**Your objective**
Only the lines below between the one holding "全国中学历史录像课评比视频高一年级《罗斯福新政》江西省宜春中学" and the one holding "Educational Attainment for Females", inclusive, are to be reproduced word for word; the pictures are to be left out.

**Records**
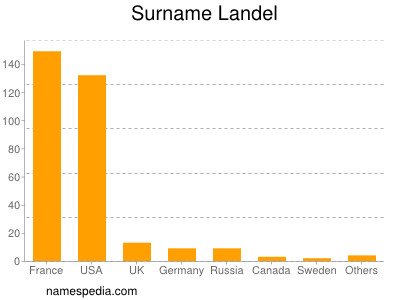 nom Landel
--
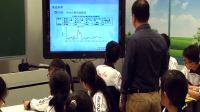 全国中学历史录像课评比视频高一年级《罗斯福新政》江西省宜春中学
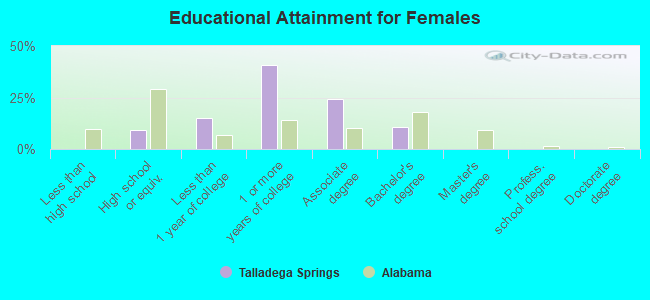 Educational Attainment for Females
--
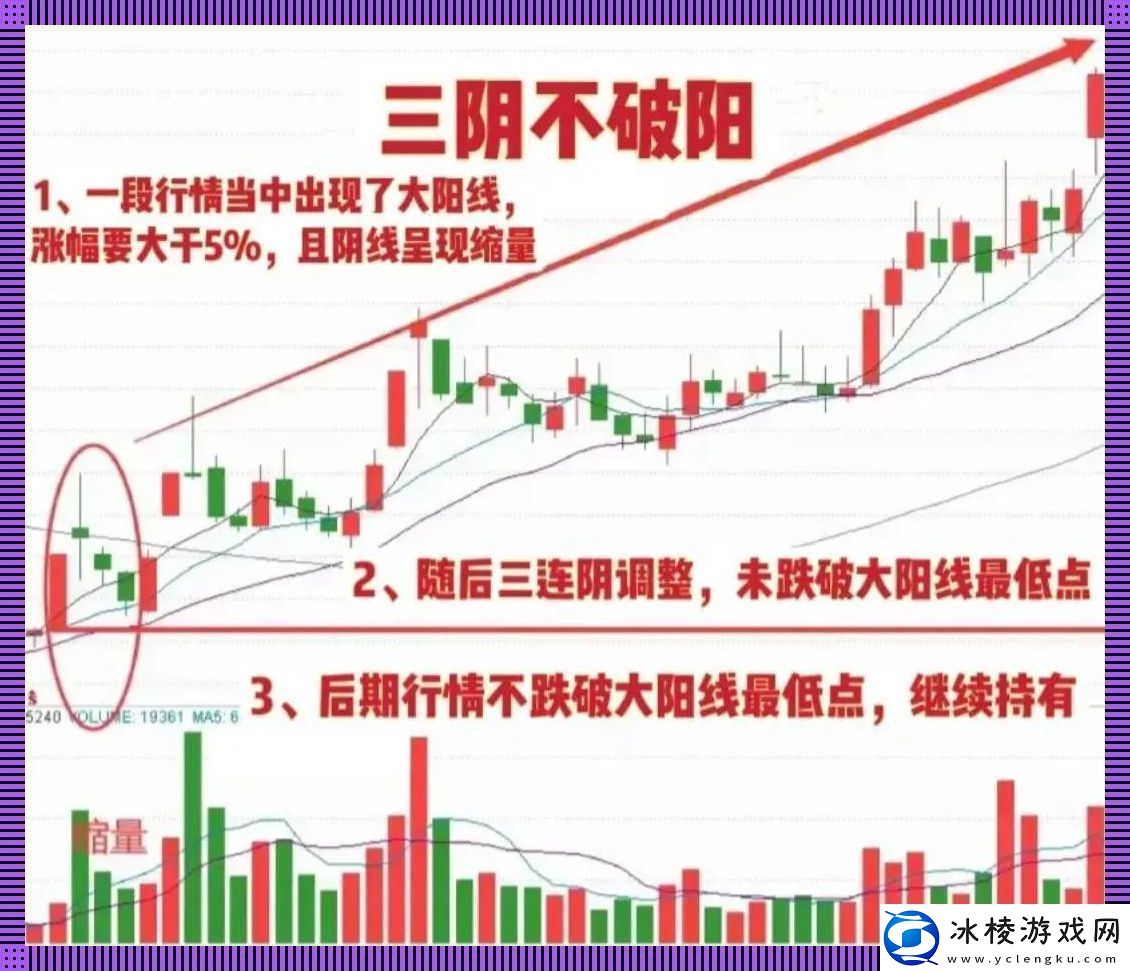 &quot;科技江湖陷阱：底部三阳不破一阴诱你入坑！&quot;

**Task answer**
 全国中学历史录像课评比视频高一年级《罗斯福新政》江西省宜春中学
 Educational Attainment for Females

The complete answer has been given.